7. Concentrates and water

Introduce high-quality creep feed ad-lib from one week old along with straw or hay and provide clean fresh water daily.

8. Wean abruptly

Lambs should be a minimum of 35 days old and/or two-and-a-half times birth weight (9-10kg), as well as eating 250g/0.5lb of solid feed per day.

Lamb bottle feeding

© Tim Scrivener

Bottle feeding

Bottle feeding is very labour intensive. However, you do have more control and if you only have a few surplus lambs it is the most practical and economical option. Other negatives of bottle feeding include restricted growth and increased risk of digestive upsets.

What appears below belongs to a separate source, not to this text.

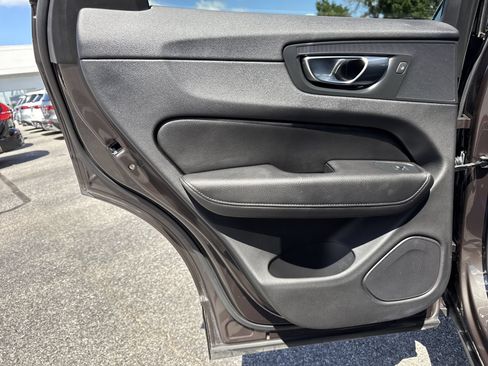 Used 2022 Volvo XC60 B5 Momentum w/ Climate Package FWD image 31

To achieve the best outcome from bottle feeding it is advised to adopt the following procedure:

Days 1-3 – 1 litre split into four to five feeds

Days 4-7 – 1 litre split into four feeds

Days 7 to weaning – 1.5 litres split into four feeds initially, reducing to two by weaning.

Ad-lib feeding

Ad-lib feeding is less labour intensive if you have a large number of surplus lambs. However, more milk is needed, there is a small set-up cost and some time may need to be spent training lambs to suckle. Weak lambs will not survive unless there is a constant supply of milk.

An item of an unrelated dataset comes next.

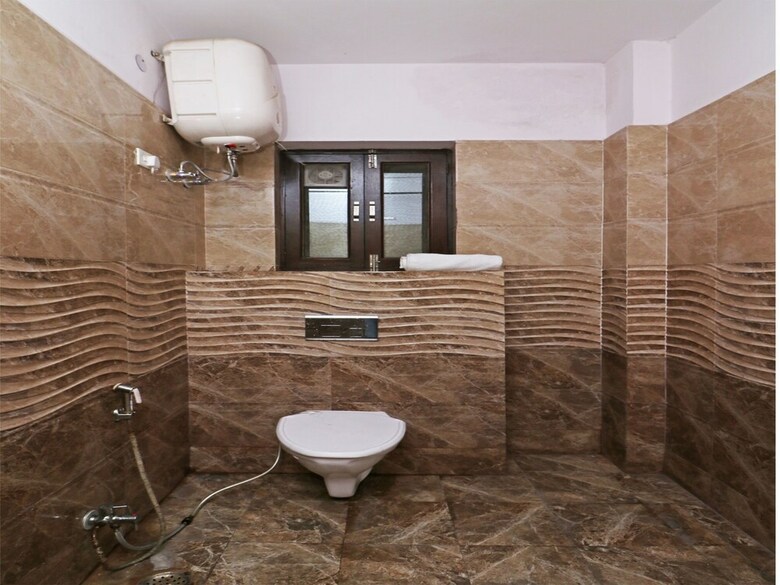 Hotel Oyo 10172 Dhruv Residency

Milk should be consumed little and often, which results in less digestive upsets and faster growth. It is advised to mix and feed milk cold. Mixing warm and allowing it to cool will encourage lambs to over indulge when milk is first put in.

Make sure the milk does not run out to avoid gorging when it is refilled. And keep an eye on the lambs to make sure they are all feeding.

Automatic machines

An automatic machine is the least labour-intensive method. However, it has the highest set-up cost and uses more milk powder. This method results in the fastest growth and has low risk of digestive upsets. Over the first three days the lambs should be trained onto the teat with warm milk, with 1 litre split into four to five feeds. From day three to weaning, they should have access to ad-lib milk set at 18-20C max.

To ensure ad-lib feeding is successful, the teats should be 30-38cm (12-15in) from the ground, ideally with five to eight lambs per teat and a maximum of 25 lambs in a pen of similar age and size. Equipment should be kept as clean as possible.

The ad lib systems reduce the risk of digestive upsets, minimise losses, improve growth rates and save time during one of the busiest periods.